In Spite of the Gods illuminates a land of many contradictions. The booming tech sector we read so much about in the West, Luce points out, employs no more than one million of India’s 1.1 billion people. Only 35 million people, in fact, have formal enough jobs to pay taxes, while three-quarters of the country lives in extreme deprivation in India’s 600,000 villages. Yet amid all these extremes exists the world’s largest experiment in representative democracy and a largely successful one, despite bureaucracies riddled with horrifying corruption.

Luce shows that India is an economic rival to the U.S. in an entirely different sense than China is. There is nothing in India like the manufacturing capacity of China, despite the huge potential labor force. An inept system of public education leaves most Indians illiterate and unskilled. Yet at the other extreme, the middle class produces ten times as many engineering students a year as the United States. Notwithstanding its future as a major competitor in a globalized economy, American leaders have been encouraging India’s rise, even welcoming it into the nuclear energy club, hoping to balance China’s influence in Asia.

The Guardian reviewed Edward Luce’s book in August:
Several recent books have examined the savage inequalities between the country's burgeoning, educated, urban elite and the shockingly poor who live in the vast hinterlands. Luce's thoughtful and thorough book - 'an unsentimental evaluation of contemporary India against the backdrop of its widely expected ascent to great power status in the 21st century' - fits right into this category. He suggests the dichotomy of India in the book's subtitle and later calls India's rise 'strange' because, while becoming an important political and economic force, it has remained 'an intensely religious, spiritual and, in some ways, superstitious society'.

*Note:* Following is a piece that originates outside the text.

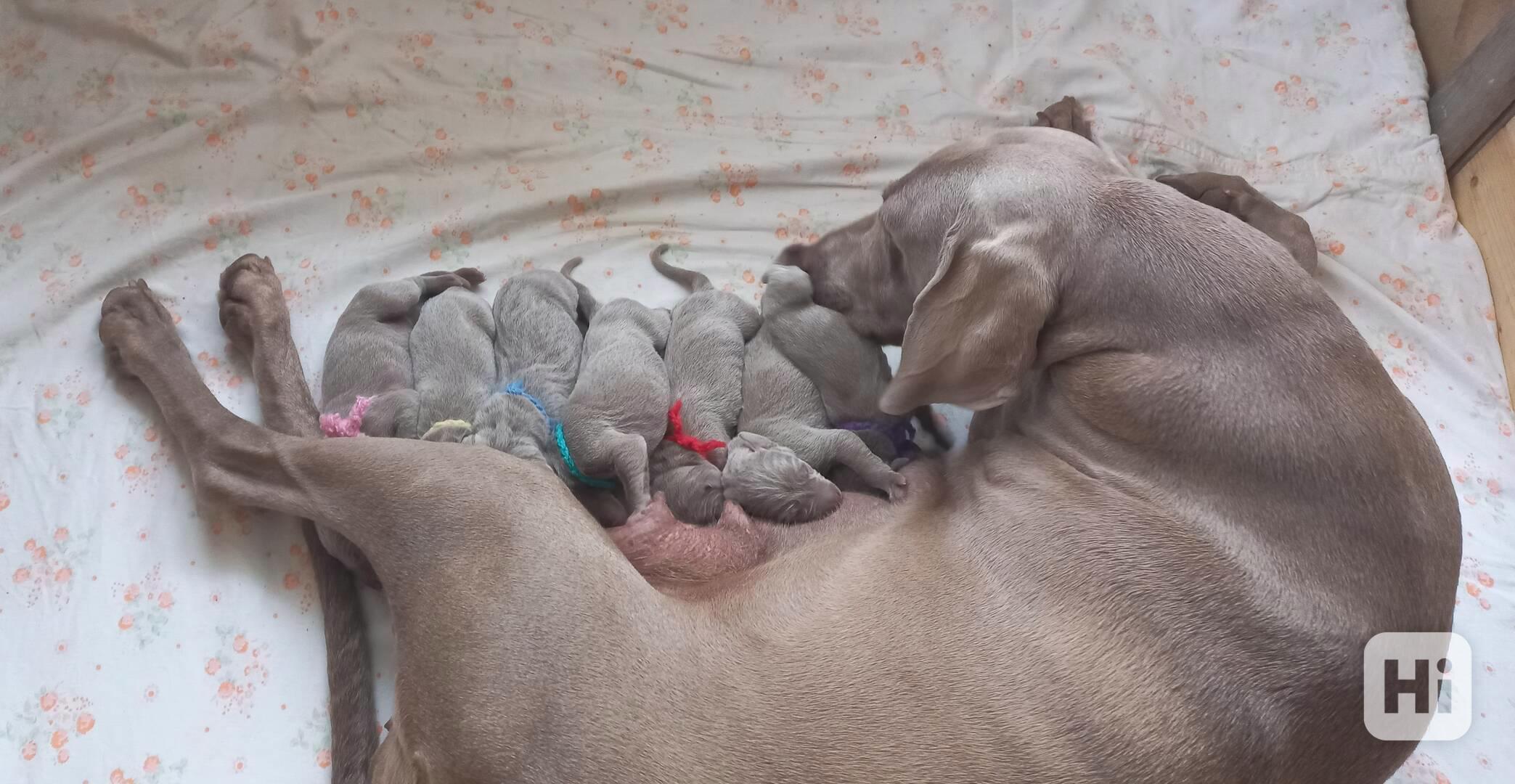 výmarský ohař štěňata - foto 1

It is always difficult to structure a book like this one, but Luce manages well by breaking up the narrative into neat chapters, each dealing with a different theme and each capable of standing on its own feet. We are offered accounts of India's 'schizophrenic' flourishing economy; its state machinery; its caste conflicts; the rise of Hindu nationalism; the dynastic nature of its politics; its relationship with Pakistan and its Muslim minority; its relationship with the US and China; the country's experience of grappling with modernity and urbanization.

The Hindu Business Line had a detailed review of Luce’s book:
The book concludes with a discussion of India's huge opportunities and challenges in the twenty-first century. Judging by the living conditions of ordinary Indians, rather than by the drama of national events, Luce is of the view that the country is moving forward on a remarkably stable trajectory. And, as opposed to China, India has given a higher priority to stability than it has to efficiency.

'India is like a lorry with twelve wheels. If one or two puncture, it doesn't go into the ditch,' is a quote of Myron Weiner that he cites. That way, China may have fewer wheels so it can travel faster, but 'people far beyond China's borders worry about what would happen if a wheel came off,' notes Luce, extending Weiner's analogy.

Though investors are deterred by the babus, institutional advantages such as an independent judiciary and a free media' may make India the proverbial tortoise that can overtake the Chinese hare, postulates the author. India can also draw on a deep well of intellectual capital.

Yet, for those closer home, a word of caution is not to take our economic strengths for granted. As the joke goes, 'India never misses an opportunity to miss an opportunity'. It is also suffering from a premature spirit of triumphalism, alerts Luce.

I think Luce's book is about the new but morphing India. It's an insightful book about India, and Luce brings an outsider's perspective.